## TASK TO COMPLETE
Write out again, exactly, the lines below starting at the one with "Customized Color 4Pcs" and ending at the one with "продам 6 л кастрюлю с крышкой".

## TASK MATERIAL
=== Begin Enclosure ===
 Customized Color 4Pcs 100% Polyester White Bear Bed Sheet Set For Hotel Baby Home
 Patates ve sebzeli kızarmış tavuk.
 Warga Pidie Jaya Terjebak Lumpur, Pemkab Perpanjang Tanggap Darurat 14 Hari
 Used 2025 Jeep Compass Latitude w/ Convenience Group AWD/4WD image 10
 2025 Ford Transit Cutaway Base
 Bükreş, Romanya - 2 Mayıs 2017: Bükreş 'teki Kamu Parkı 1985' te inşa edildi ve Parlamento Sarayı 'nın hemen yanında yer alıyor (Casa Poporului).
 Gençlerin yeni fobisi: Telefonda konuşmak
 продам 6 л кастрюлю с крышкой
=== End Enclosure ===
=== Begin Enclosure ===
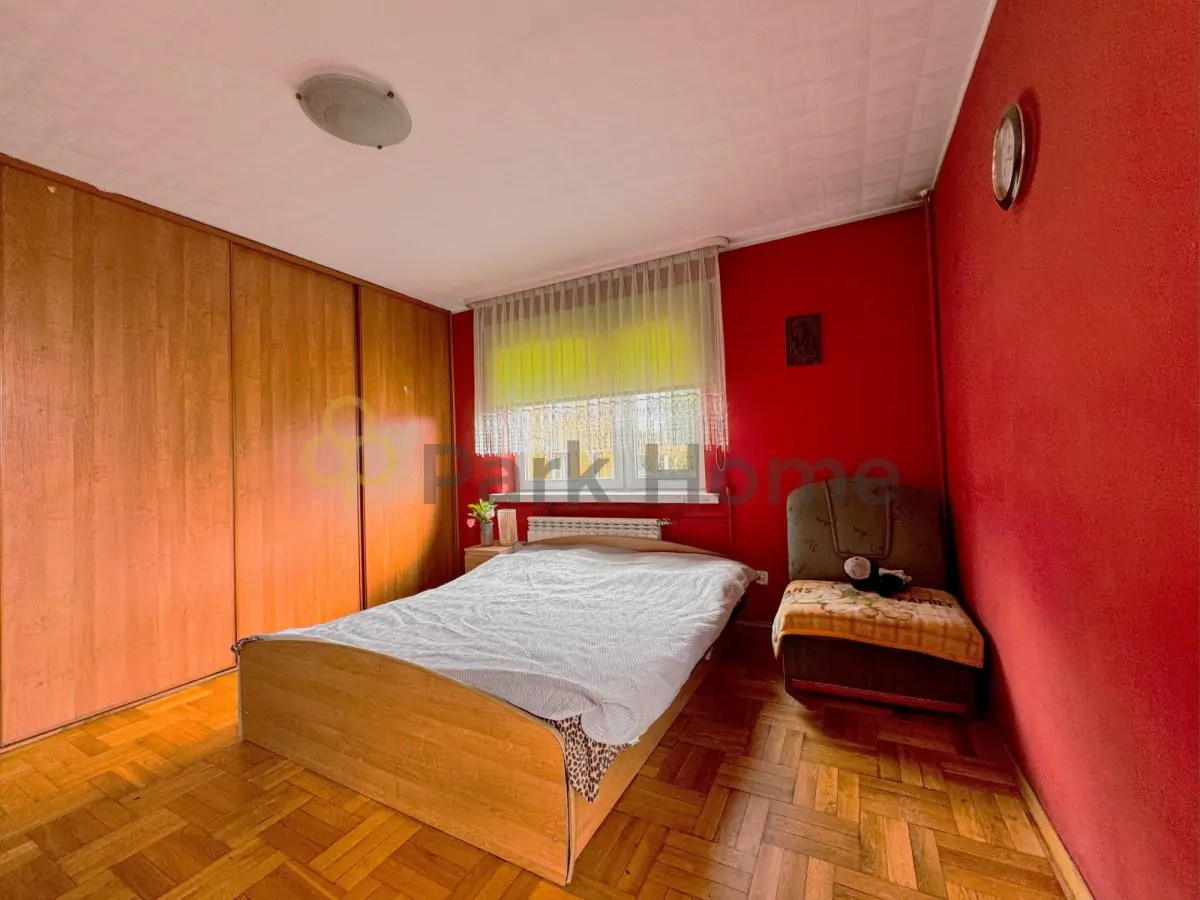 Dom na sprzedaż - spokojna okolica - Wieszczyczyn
=== End Enclosure ===
## WRITTEN ANSWER
 Customized Color 4Pcs 100% Polyester White Bear Bed Sheet Set For Hotel Baby Home
 Patates ve sebzeli kızarmış tavuk.
 Warga Pidie Jaya Terjebak Lumpur, Pemkab Perpanjang Tanggap Darurat 14 Hari
 Used 2025 Jeep Compass Latitude w/ Convenience Group AWD/4WD image 10
 2025 Ford Transit Cutaway Base
 Bükreş, Romanya - 2 Mayıs 2017: Bükreş 'teki Kamu Parkı 1985' te inşa edildi ve Parlamento Sarayı 'nın hemen yanında yer alıyor (Casa Poporului).
 Gençlerin yeni fobisi: Telefonda konuşmak
 продам 6 л кастрюлю с крышкой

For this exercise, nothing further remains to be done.